Avant de conclure, il me faut revenir un instant sur la storyline de Susan. Ce n’est pas tant qu’elle soit réellement passionnante, mais plutôt qu’elle dégage un arrière fond nauséeux. Explication : afin de sortir de sa dépression névrosée, Susan décide de se faire un petit road-trip pour voir la famille d’Alejandro. Pendant ces investigations, elle découvre que la nouvelle belle-fille de l’ex beau-père de Gaby (vous me suivez toujours ?) a elle aussi été violée. Et Susan d’être soulagée…
Oui, oui, tu as bien lu : « soulagée». Elle le dit elle-même à la fin de l’épisode. Un dimanche soir de 2012, un des shows les plus regardés de l’Amérique vient de nous justifier en direct-live la peine de mort. C’est génial. Nan mais vraiment. Je fais ma vierge effarouchée alors que je sais pertinemment que l’ensemble de l’Entertainment US est pro-républicain, pro-peine de mort et anti-avortement. Sauf, d’habitude, c’est beaucoup plus explicite et clair (Ex : la légitimation de la torture dans 24h Chrono). Dans cet épisode, je trouve le message assez pernicieux. Grosso-modo, l’épisode dit cela : il est possible de tuer quelqu’un en cas de légitime défense, surtout s’il s’avère après coup que le mort était vraiment un bon salaud. Susan, Lynette, Bree et même Gaby peuvent toute passer à autre chose puisqu’elles ont mis fin aux jours d’une mauvaise personne. Leur attitude distanciée, pendant la première moitié de saison, est justifiée rétrospectivement par ce dialogue nocturne. Emballé, c’est pesé !
Je n’ai pas aimé :
- Une non-avancée volontaire de l’intrigue principale.

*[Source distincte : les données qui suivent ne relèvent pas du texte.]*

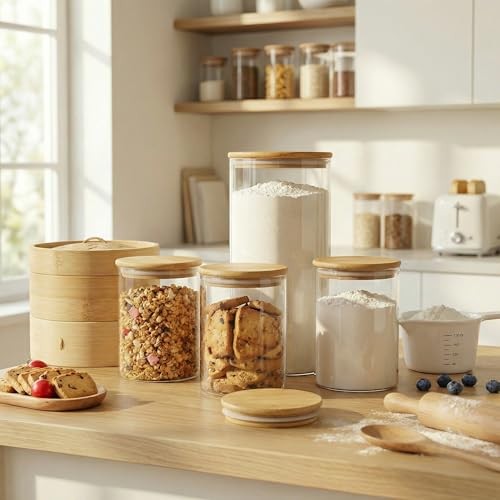 Extra Large Glass Flour and Sugar Storage Containers with 132oz 2 Pack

- Un recyclage évident des intrigues secondaires.
- Une morale finale douteuse et puante.
- Ricardo Antonio Chivara qui en une scène parvient à être encore plus mauvais que Teri Hatcher sur l’ensemble de la saison. Un vrai travail d’Actor Studio. Chapeau mec !
J’ai aimé :
- Bree, nue dans la piscine.
- Bree, sexy cougar et pilier de bar.
- Bree, coquine buvant un verre de blanc cul sec.
- En fait, ils devraient rebaptiser le show « Desperate Van de Kamp ». Je suis tout à fait sûr que cela serait beaucoup mieux.